Tries, Sighs and Lullabies: The Untold Stories of Infertility is a book by Dr. Anjali Malpani, a renowned fertility specialist and an established author. She is also the founder and director of Malpani Infertility Clinic, where she witnessed so many lives that we will get to read about in this book. The book captures 30 years of her experience and therefore it is more of her memoir than just a compilation of stories.
Tries, Sighs and Lullabies, the main title of the book therefore perfectly encapsulates the essence of this book, which teaches us how infertility is much more than just a condition, and how much weight that word itself can have on people’s lives. With 15 stories to be exact, the book beautifully brings out diverse backgrounds, age groups and conditions. From having cases that come from the most posh houses of South Mumbai to having people from the most remote areas of the country this book will take the reader through all.
This is the third book authored by Dr. Anjali, previously she has published two books one of which was an IVF Comic Book to help every person understand different conditions and procedures that are part of infertility apart from In Vitro Fertilisation. Apart from this, Dr. Anjali along with her husband Dr Annirudh Malpani has started the infertility group called the infertility friends and India’s only Free Patient Education Library. This book takes us through all her accomplishments including the stories that led to the establishment of her library and helpline.
Within the context of India, infertility is often associated with a bad omen as a result of which it is only the women who are subjected to bear the brunt of it. Dr Anjali’s book in this sense inherently busts one of the most common myths around infertility that it is only women who can be infertile. Through a number of stories including the first one, she unravels infertility in men and how it impacts them differently as compared to women.
She takes readers through the bias that men have and how ego can play a massive role in shaping their discourse around infertility, as a result, many of the male characters of her book are patriarchial men who choose to marry again rather than get themselves checked. Therefore, while reading this book, a lot of my own emotions came up as I saw so many women getting abused, threatened and even locked up in their houses because they could not get pregnant. Amongst them, there were also families where it was the men who had a low sperm count and the women who were completely fine.
What makes Dr. Anjali’s book a good read is also that she structures her chapters in a narrative way which takes readers through the stories from her eyes. Every chapter has its own cartoon that matches the subject and is able to convey the gist of the story.
There is also a medical synopsis at the end that talks about different conditions pertaining to infertility including myths associated with it. But overall, her stories also take the readers through the journey of her patients and while some of these stories do have a happy ending, there are also some that don’t, which makes the book very realistic.

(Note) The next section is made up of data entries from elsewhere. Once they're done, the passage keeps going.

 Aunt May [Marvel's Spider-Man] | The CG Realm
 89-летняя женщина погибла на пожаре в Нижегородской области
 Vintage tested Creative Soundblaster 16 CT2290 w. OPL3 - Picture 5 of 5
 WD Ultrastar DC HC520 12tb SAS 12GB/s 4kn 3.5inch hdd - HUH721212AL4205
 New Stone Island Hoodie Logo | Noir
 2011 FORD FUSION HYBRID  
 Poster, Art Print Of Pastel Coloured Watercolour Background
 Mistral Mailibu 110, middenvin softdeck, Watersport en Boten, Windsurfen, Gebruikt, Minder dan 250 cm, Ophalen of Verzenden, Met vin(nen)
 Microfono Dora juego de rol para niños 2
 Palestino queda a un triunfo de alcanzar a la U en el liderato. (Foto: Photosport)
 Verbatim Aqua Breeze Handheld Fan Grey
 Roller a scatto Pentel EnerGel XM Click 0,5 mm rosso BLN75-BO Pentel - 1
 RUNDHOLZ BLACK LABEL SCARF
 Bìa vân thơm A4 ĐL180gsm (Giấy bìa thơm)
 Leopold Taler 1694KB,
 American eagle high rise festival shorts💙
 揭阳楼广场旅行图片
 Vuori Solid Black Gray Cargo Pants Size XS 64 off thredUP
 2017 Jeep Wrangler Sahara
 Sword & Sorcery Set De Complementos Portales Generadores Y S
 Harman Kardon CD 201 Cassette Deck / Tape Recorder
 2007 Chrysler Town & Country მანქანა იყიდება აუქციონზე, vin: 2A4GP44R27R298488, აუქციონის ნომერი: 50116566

While Dr Anjali’s book does address a lot of concerns around infertility, surrogacy and domestic violence, it fails to talk about adoption at a stretch. I understand that the purpose of fertility clinics is to help couples or single women to have their own children, I feel Dr. Anjali could have addressed adoption and her views in a much more detailed way. Though she does suggests her clients consider adoption as an option but maybe if she could bust some stereotypes around it, this book would have become more well-rounded. Another aspect that I think the author could have considered, is talking about the expenses and how financially draining IVF and other types of procedures can be. Since her stories already had many people coming from financially poor backgrounds, this could have helped many people from similar backgrounds to be prepared mentally and financially.
Overall, this book takes readers through the very real experiences of her patients and also addresses her own personal upheavals that come with her medical experiences. The author also addresses the personal journey of every woman and the biases that so many men have around artificial insemination.
Dr. Anjali also elaborates on how doctors are not mute spectators who look at every person as a case. Still, they are also humans who may have an opinion and advice even in matters which are related to people’s personal problems. At last, her book not just portrays the journey that aspiring parents go through but also the journey that doctors go through to ignite hope in people’s lives.